Caption-style text data
-- Opening Marker --

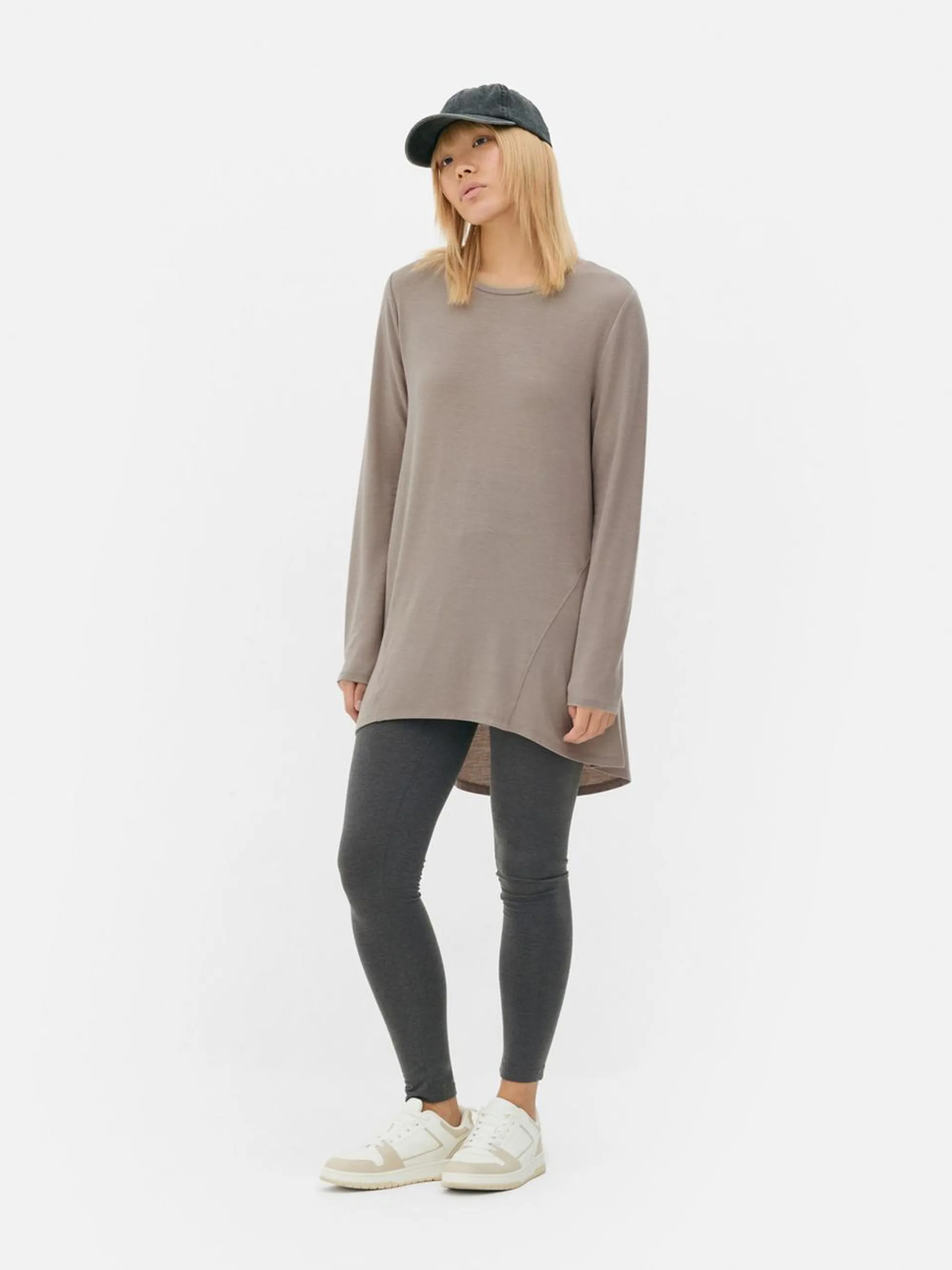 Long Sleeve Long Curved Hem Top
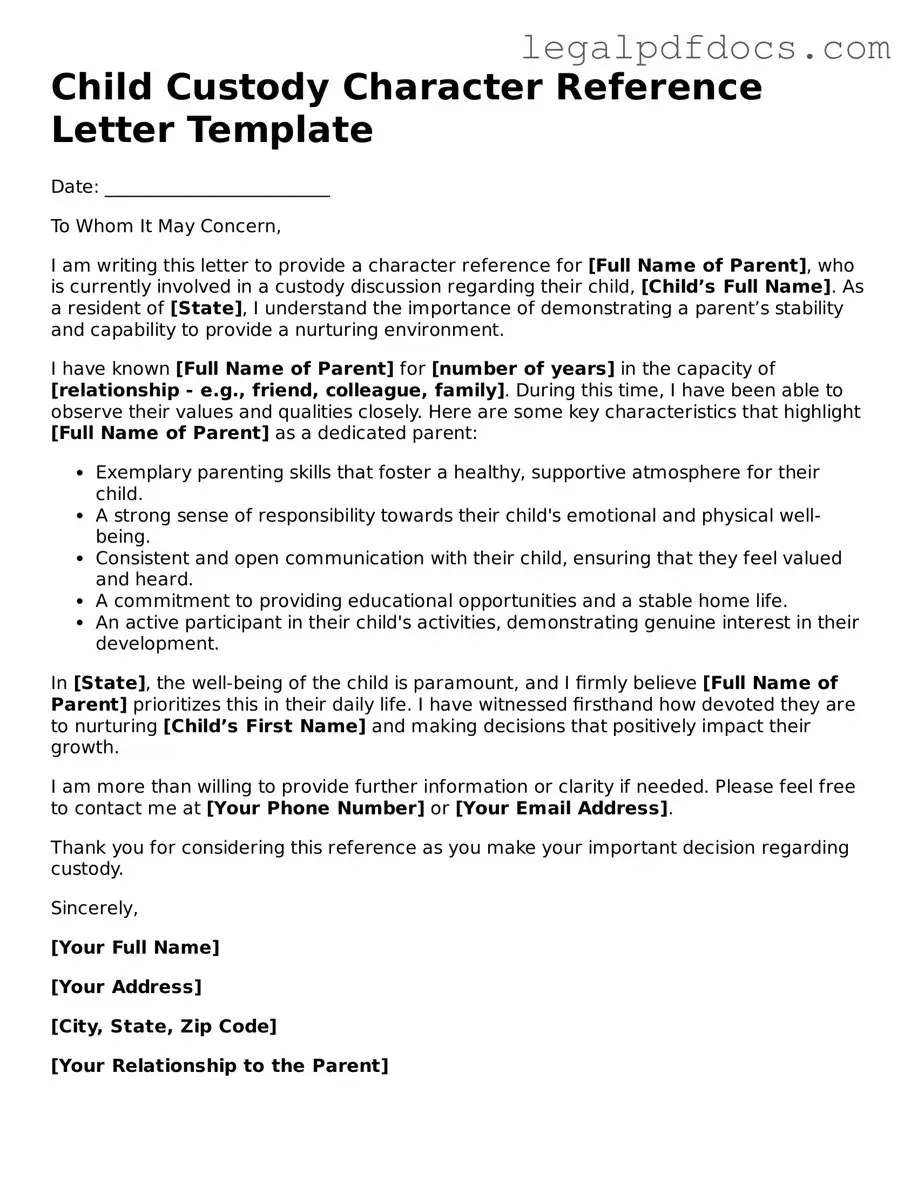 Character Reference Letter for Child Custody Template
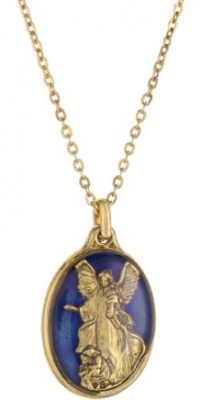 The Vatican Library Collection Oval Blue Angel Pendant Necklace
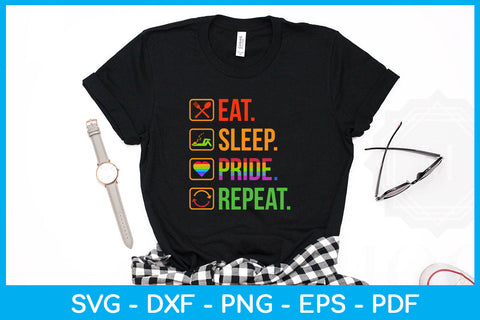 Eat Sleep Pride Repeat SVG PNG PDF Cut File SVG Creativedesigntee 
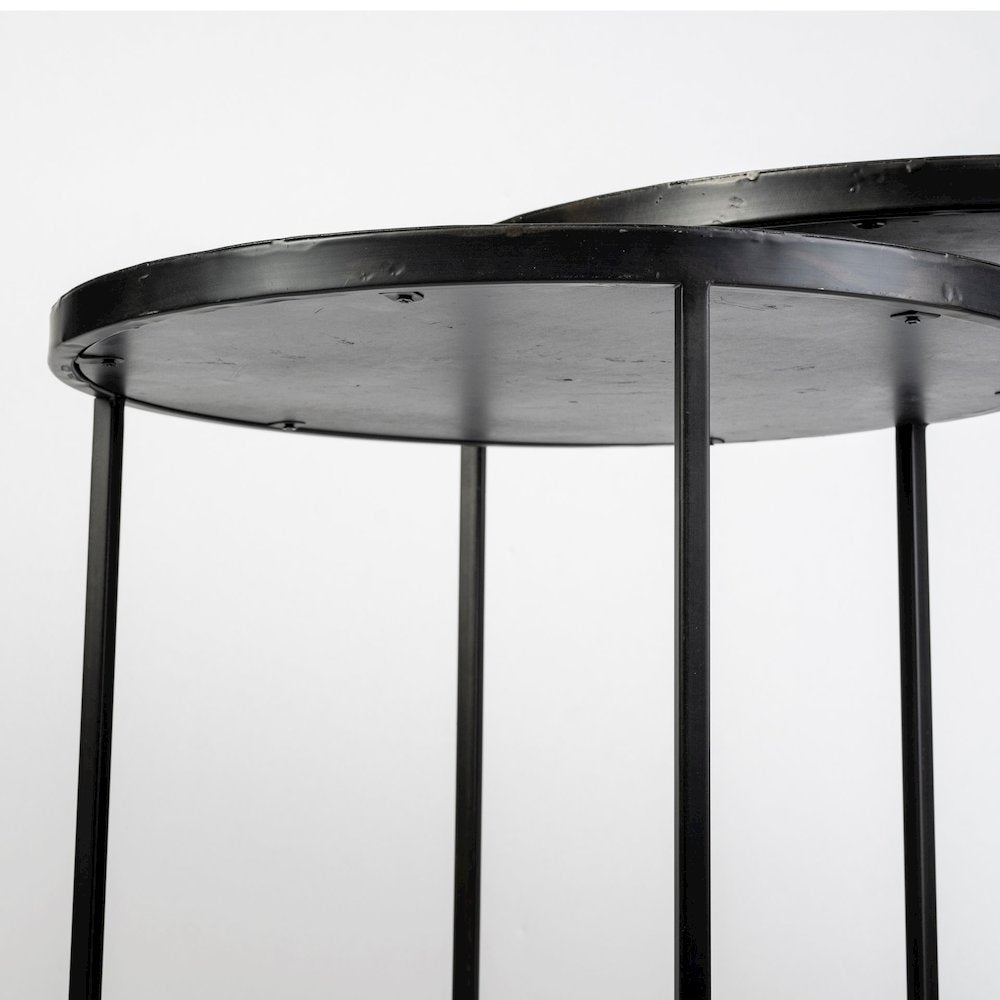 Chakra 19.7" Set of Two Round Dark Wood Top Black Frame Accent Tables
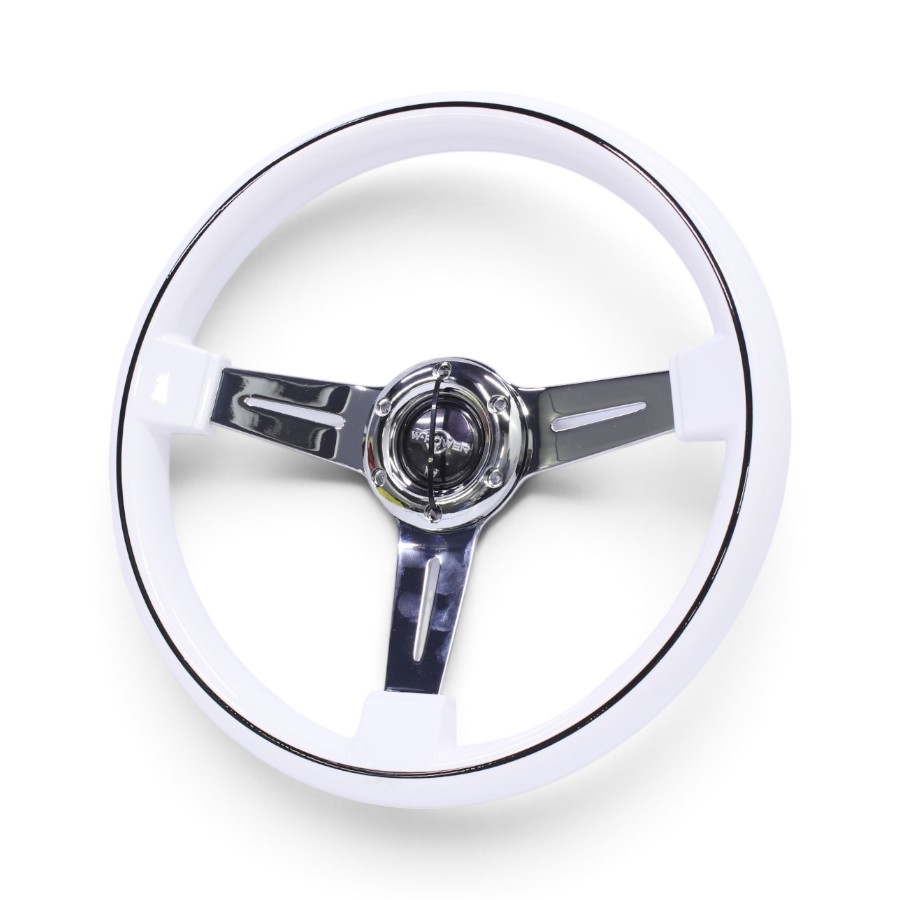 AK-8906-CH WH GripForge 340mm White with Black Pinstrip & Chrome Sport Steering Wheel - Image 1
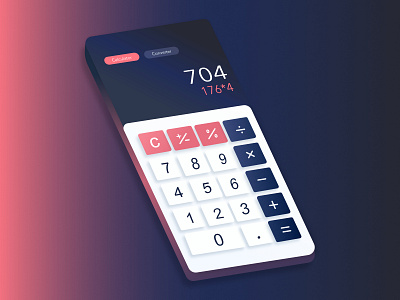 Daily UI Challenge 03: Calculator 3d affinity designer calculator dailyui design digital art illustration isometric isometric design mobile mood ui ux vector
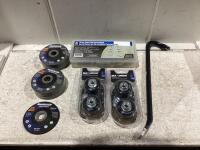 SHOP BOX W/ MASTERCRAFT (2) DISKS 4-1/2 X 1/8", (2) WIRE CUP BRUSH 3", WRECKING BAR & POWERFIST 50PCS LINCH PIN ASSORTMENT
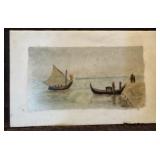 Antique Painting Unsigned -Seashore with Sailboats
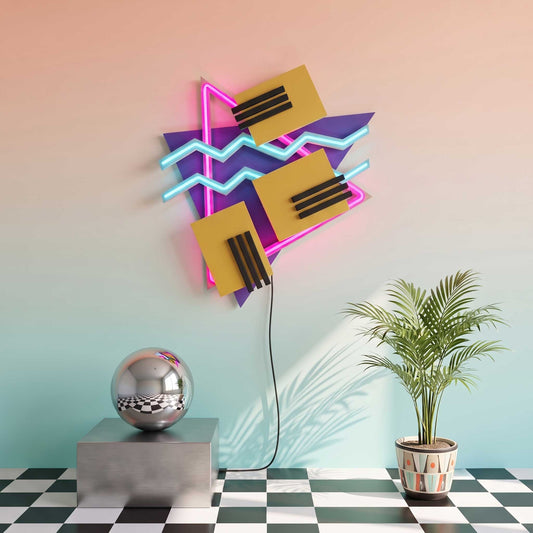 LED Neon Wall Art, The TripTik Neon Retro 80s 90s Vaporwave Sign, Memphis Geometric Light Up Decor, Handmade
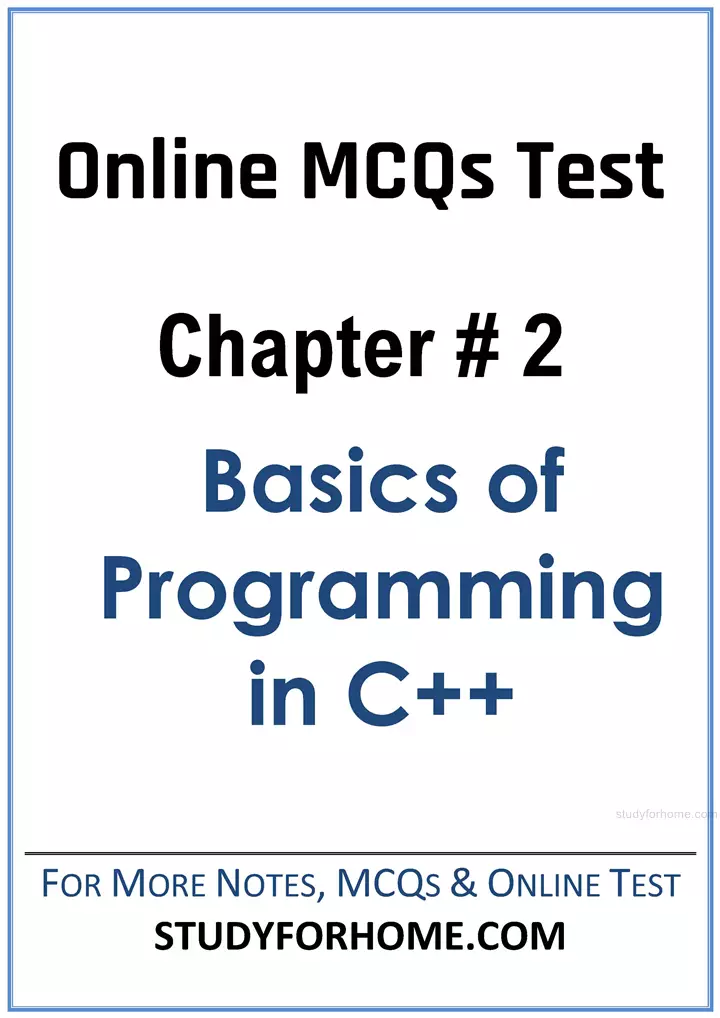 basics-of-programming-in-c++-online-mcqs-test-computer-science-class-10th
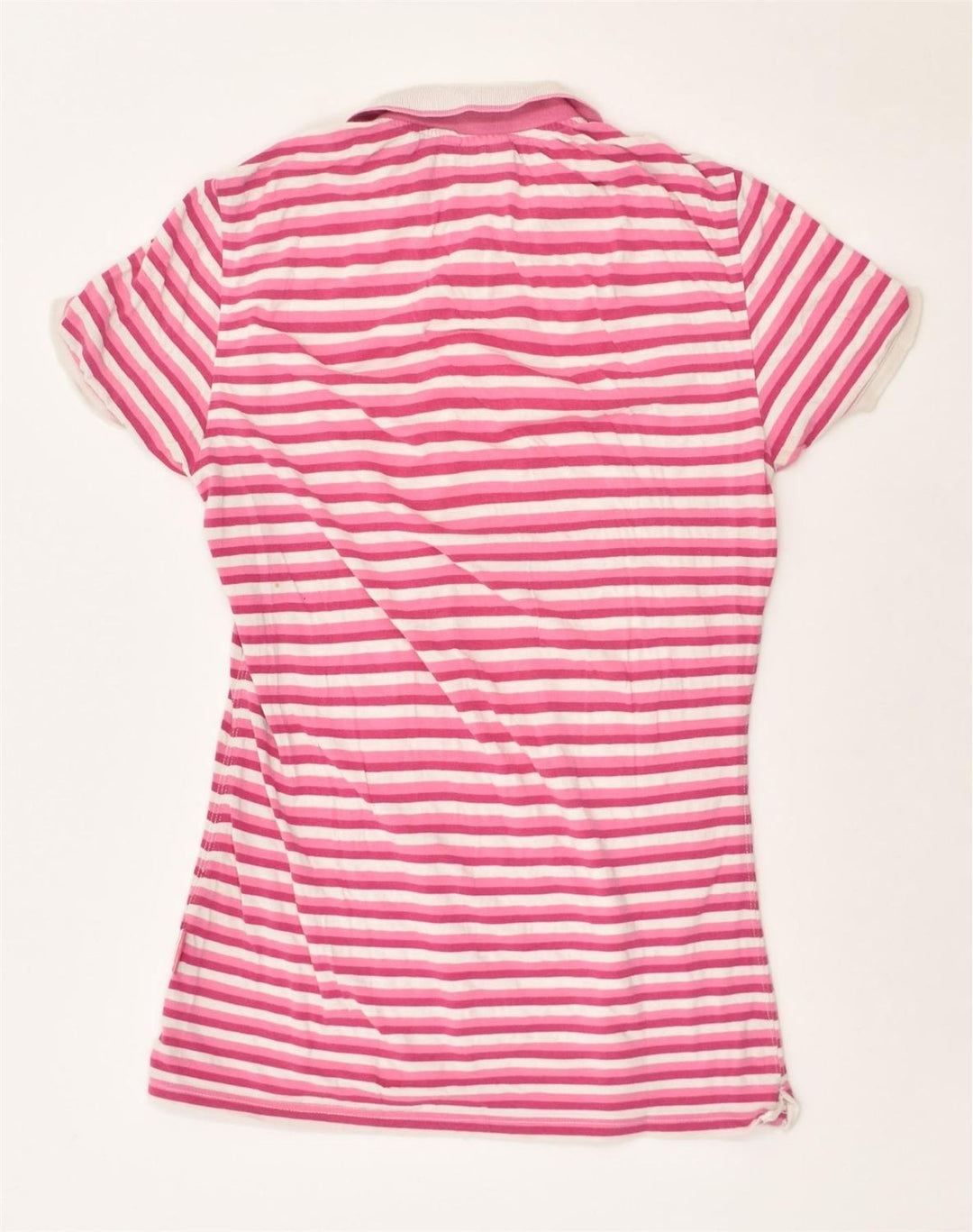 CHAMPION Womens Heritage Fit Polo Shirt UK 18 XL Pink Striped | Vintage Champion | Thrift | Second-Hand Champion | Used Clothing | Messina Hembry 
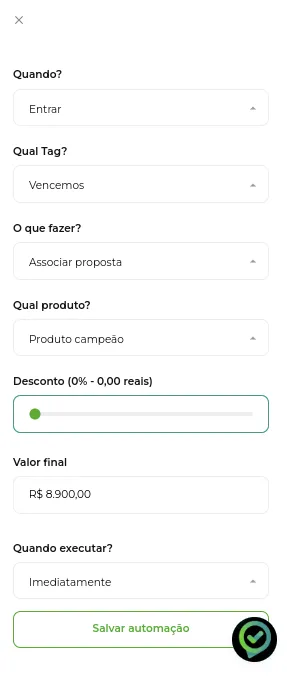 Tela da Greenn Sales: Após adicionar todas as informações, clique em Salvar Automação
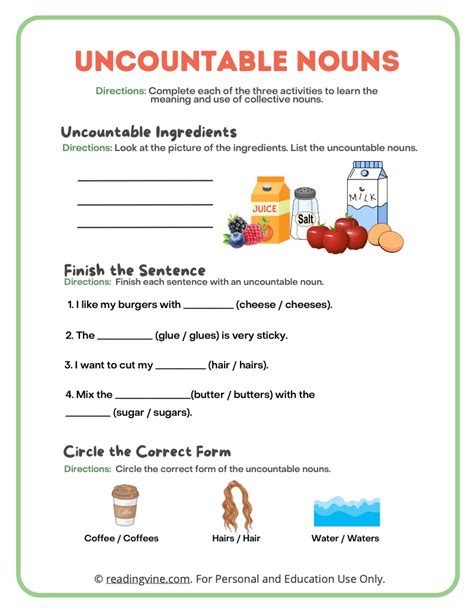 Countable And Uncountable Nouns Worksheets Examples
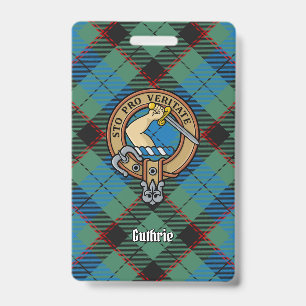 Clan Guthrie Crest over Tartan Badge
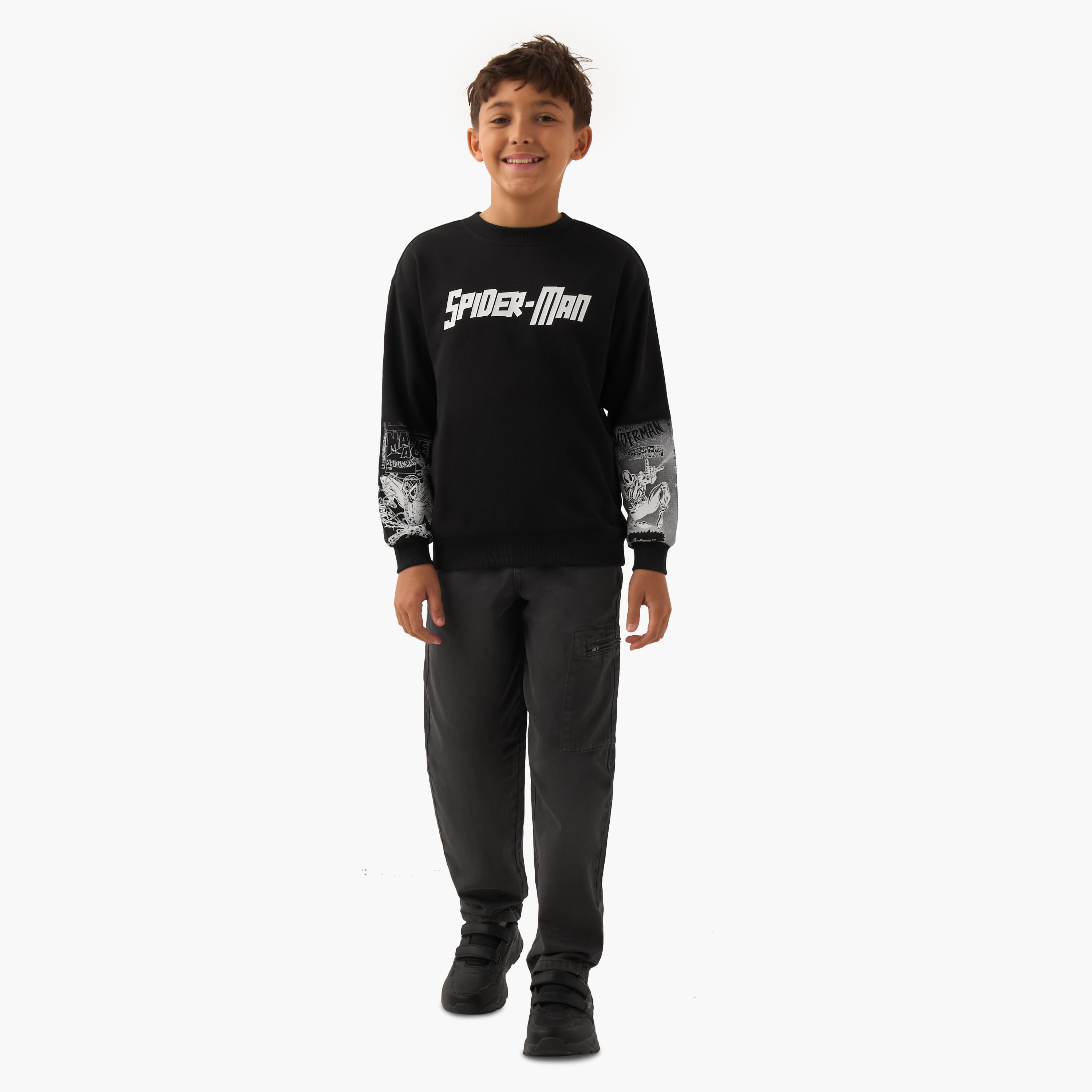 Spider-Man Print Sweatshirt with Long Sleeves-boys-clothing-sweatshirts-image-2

-- Closing Marker --

■ **WHAT YOU HAVE TO DO**:
Reproduce verbatim every line starting at the line that holds "Clan Guthrie Crest over Tartan Badge" and ending with the final line of the data; omit the pictures.

■ **RESPONSE BELOW**:
 Clan Guthrie Crest over Tartan Badge
 Spider-Man Print Sweatshirt with Long Sleeves-boys-clothing-sweatshirts-image-2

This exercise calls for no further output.